Digital Magpie

Ooh, ooh, look - shiny things!

The Semantic Web

Clay Shirky’s latest newsletter) on networks, economics and culture discusses the semantic web. In a nutshell, he’s not very impressed. The starting point for this argument is that syllogisms don’t model the real world well, an example:

The creator of shirky.com) lives in Brooklyn. People who live in Brooklyn speak with a Brooklyn accent.

Well in this case clearly they don’t, the second assertation is clearly false, it’s obvious that not everybody who lives in Brooklyn calls birds boids, so that absolute assertaion does not hold.

The example later on using Nike and the first amendment of the US constitution has more merit, in this case the fact asserted (the first amendment covers the rights of US citizens) is a subset of the actual applicability rather than a superset as in the Brooklyn case. I think that this is still a surmountable problem, but it may require a more complex representation of ‘facts’ than initially considered. I think that maybe the way forward if not, as Clay suggests (if only to point out it’s impracticality), to attach context to each assertation and then cross check against this.

A better approach surely would be to attach an accuracy value to each statement, then the syllogisms could have attached accuracy values also. For example, the following pseudo code:

1
2
3
LET clay lives in Brooklyn ACCURACY 1.0
LET people who live in brooklyn say boids ACCURACY 0.7
DEDUCE clay says boids ACCURACY 0.7

With the final 0.7 being the product of the two ‘fact’ accuracies.
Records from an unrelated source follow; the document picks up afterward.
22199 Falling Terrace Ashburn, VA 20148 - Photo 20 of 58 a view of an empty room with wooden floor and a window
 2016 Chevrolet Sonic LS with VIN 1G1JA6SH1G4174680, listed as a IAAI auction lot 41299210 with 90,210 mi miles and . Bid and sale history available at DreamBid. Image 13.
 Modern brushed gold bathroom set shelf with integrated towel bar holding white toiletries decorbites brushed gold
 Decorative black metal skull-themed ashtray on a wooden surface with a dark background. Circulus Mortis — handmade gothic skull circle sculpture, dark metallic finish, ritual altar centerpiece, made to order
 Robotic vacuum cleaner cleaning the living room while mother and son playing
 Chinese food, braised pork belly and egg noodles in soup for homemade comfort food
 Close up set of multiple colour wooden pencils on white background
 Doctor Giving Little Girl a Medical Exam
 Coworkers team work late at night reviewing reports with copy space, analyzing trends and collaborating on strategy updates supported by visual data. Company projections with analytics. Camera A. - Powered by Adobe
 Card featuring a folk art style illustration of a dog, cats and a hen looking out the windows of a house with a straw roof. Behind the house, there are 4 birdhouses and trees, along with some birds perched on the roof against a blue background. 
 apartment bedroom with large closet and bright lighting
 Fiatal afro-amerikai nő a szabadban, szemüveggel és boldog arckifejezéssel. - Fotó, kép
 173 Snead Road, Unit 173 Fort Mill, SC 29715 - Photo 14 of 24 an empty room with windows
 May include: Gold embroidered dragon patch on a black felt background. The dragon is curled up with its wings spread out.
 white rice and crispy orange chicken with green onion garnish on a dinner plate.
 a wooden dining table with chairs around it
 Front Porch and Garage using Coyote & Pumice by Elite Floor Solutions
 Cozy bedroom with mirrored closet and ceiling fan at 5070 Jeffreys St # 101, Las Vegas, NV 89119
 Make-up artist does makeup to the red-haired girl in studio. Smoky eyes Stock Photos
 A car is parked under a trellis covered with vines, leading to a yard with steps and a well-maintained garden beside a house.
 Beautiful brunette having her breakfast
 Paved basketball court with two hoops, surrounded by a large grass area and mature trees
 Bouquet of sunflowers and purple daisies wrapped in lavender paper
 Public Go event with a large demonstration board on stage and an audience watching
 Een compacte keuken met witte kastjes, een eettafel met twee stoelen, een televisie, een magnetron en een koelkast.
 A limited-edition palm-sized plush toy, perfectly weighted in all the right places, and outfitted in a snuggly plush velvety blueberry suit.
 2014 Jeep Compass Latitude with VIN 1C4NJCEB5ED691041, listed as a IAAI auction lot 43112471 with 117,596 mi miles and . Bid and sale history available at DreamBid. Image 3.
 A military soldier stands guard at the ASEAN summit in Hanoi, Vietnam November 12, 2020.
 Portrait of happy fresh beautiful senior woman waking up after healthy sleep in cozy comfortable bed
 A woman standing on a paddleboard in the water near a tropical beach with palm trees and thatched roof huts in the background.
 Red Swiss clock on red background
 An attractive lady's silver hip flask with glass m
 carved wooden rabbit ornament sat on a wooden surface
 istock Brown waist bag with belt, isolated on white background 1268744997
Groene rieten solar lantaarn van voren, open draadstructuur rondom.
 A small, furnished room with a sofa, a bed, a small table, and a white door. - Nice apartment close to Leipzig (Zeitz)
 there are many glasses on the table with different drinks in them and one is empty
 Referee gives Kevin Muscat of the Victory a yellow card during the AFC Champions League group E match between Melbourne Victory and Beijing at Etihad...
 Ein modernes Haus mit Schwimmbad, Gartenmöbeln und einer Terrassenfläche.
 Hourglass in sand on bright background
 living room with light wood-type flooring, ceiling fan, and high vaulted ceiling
Now this is just something that I’ve come up with on the spur of the moment, not a result of research so I don’t know how generally useful this would be, but in tools designed for human use it should be possible to tolerate a level of inaccuracy, so long as it is marked as such.

Reading further, the examples about merging databases I can agree with the fact that it’s way more complicated that just simply mapping field names! When it comes to meta data, this is probably best if it can be extracted from the data itself automatically, of course this would reduce the amount of available data, but maybe we could tag any manually added meta data with a date and allow it’s accuracy to deteriorate as time goes by (or as the tagged data is revised), and you could always tweak your reasoner to reduce the accuracy of human added data anyway.

Hmmm, but this goes against what the semantic web is supposed to be for to a large extent. Machines need to be able to rely on absolute (i.e. ACCURACY 1.0) facts to be able to use them a lot of the time. I think the conclusion that I’m coming to is that there is a benefit to be gained from the semantic web and it’s related technologies and ideas, but probably not as great as it’s champions make out.

So it’s another web related technology with potential that has been overmarketed. Nothing new there then.